#### [Assignment]
Without any pictures, print the lines below from the one that has "杭州的春天太绝了 落樱吹雪 四季同框" through the one that has "Anglonubijska 100%koza - 3", exactly and nothing else.

------ Listed entries

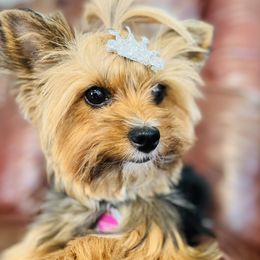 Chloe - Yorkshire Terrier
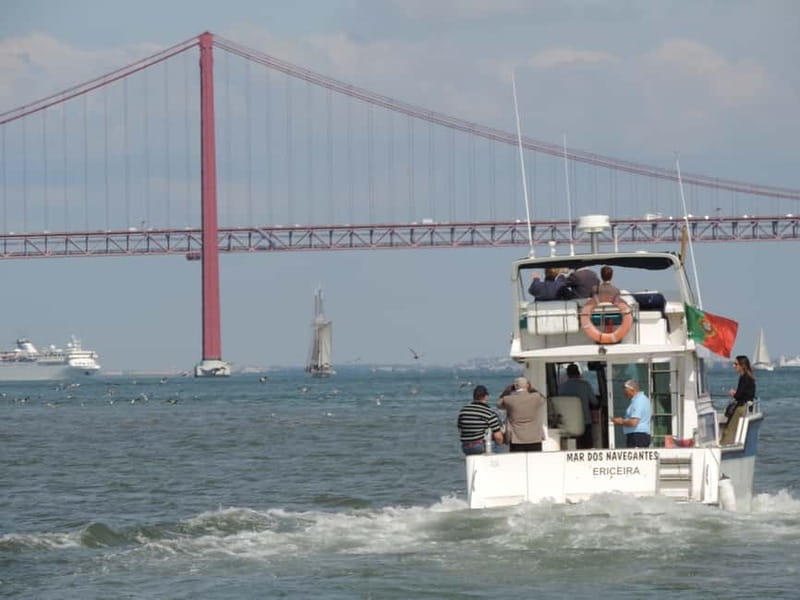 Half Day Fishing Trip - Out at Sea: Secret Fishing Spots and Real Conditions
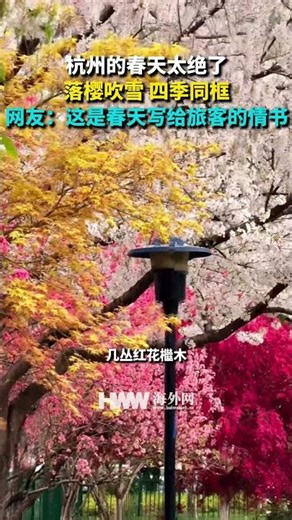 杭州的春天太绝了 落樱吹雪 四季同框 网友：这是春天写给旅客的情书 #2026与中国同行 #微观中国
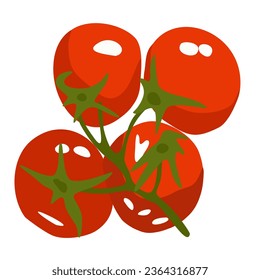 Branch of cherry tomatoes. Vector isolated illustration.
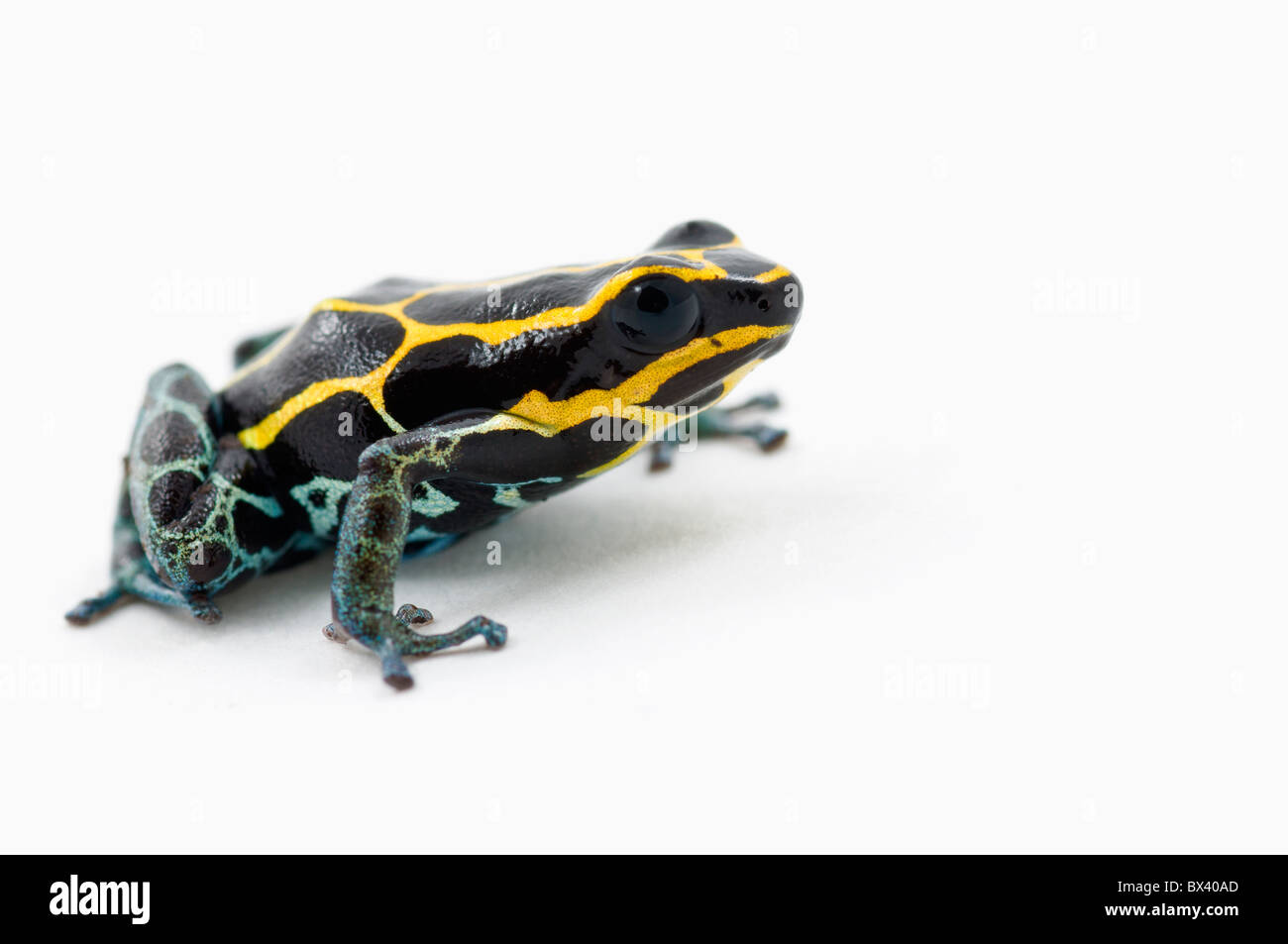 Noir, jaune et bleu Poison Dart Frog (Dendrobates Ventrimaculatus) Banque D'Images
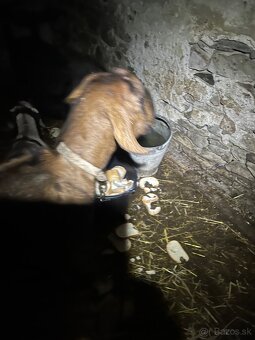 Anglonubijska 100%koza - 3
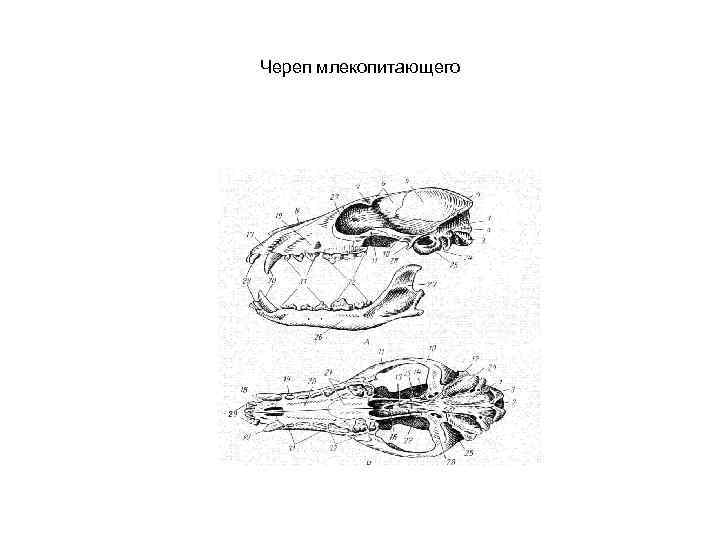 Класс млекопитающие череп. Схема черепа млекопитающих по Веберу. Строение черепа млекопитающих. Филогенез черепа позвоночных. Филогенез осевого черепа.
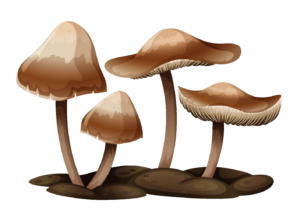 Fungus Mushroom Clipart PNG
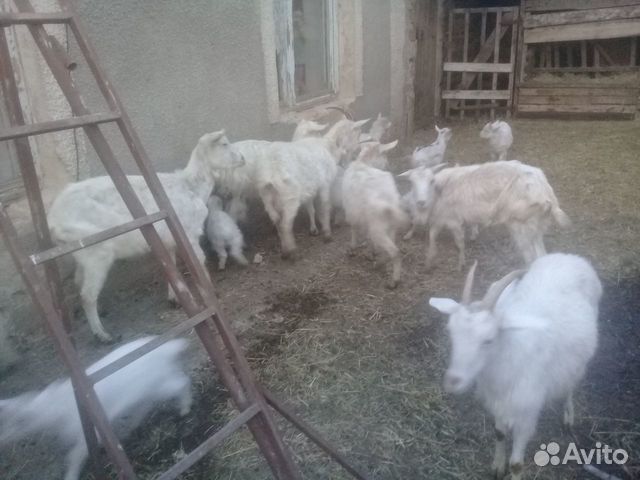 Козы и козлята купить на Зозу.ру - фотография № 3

------------
------ Listed entries

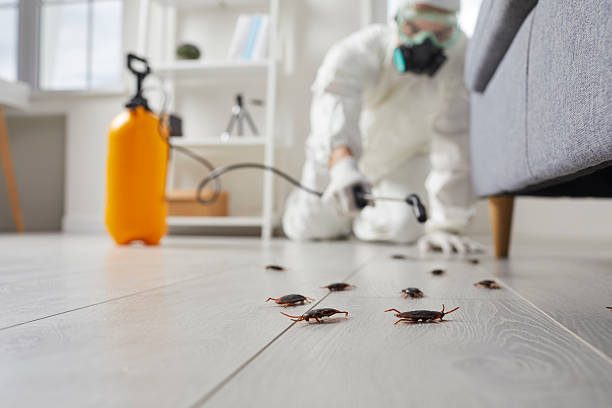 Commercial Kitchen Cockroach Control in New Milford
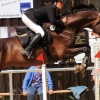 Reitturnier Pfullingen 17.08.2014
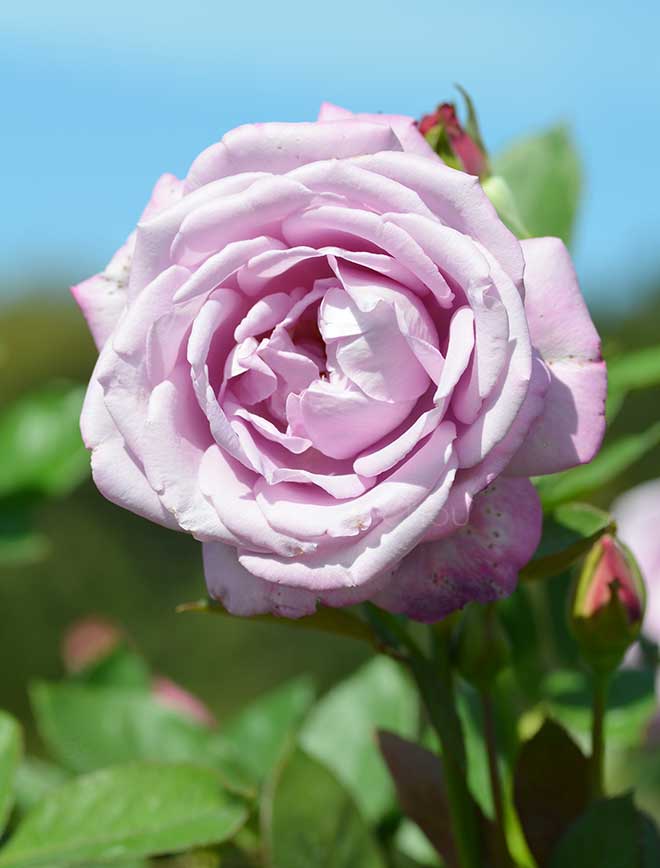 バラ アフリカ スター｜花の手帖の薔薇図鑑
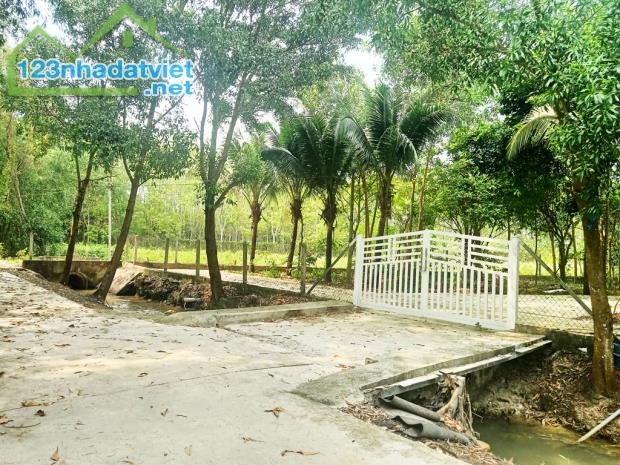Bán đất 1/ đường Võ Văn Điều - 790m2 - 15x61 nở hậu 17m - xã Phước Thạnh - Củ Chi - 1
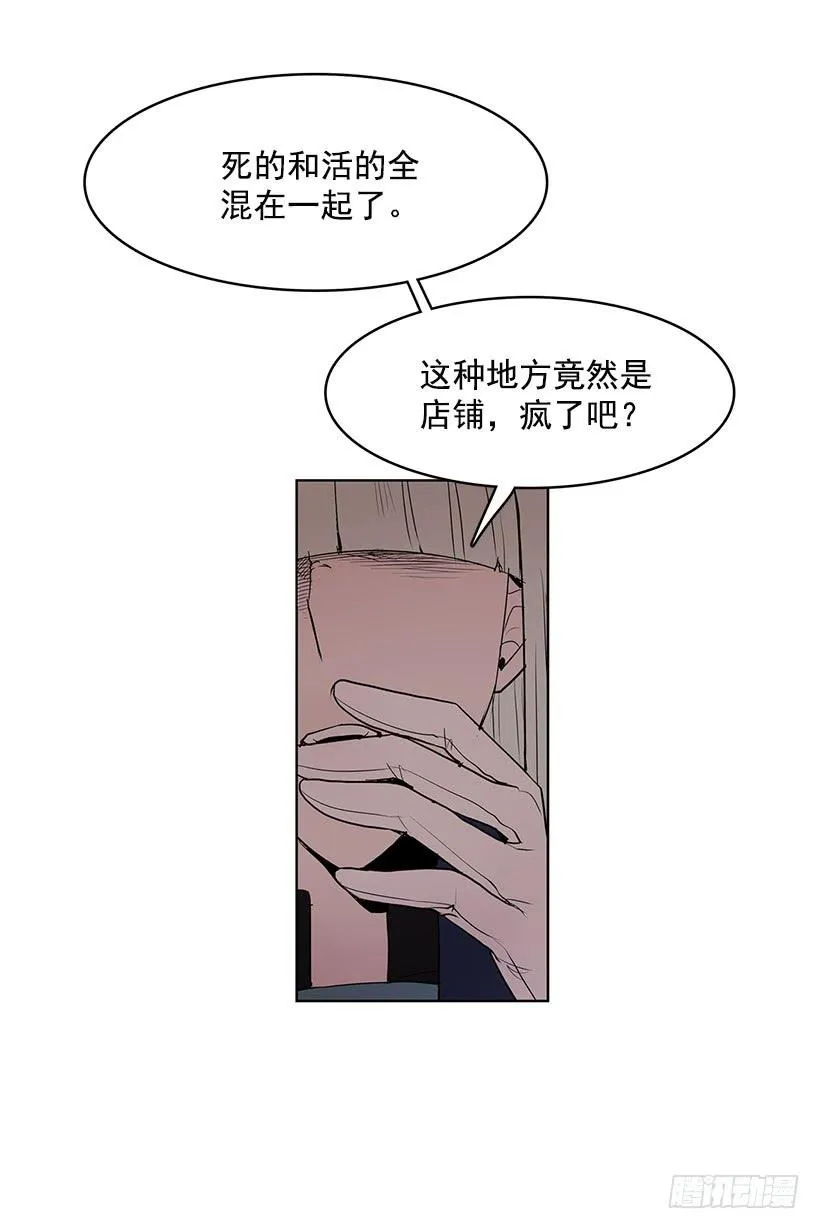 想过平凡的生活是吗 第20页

------------

#### [Exercise answer]
 杭州的春天太绝了 落樱吹雪 四季同框 网友：这是春天写给旅客的情书 #2026与中国同行 #微观中国
 Branch of cherry tomatoes. Vector isolated illustration.
 Noir, jaune et bleu Poison Dart Frog (Dendrobates Ventrimaculatus) Banque D'Images
 Anglonubijska 100%koza - 3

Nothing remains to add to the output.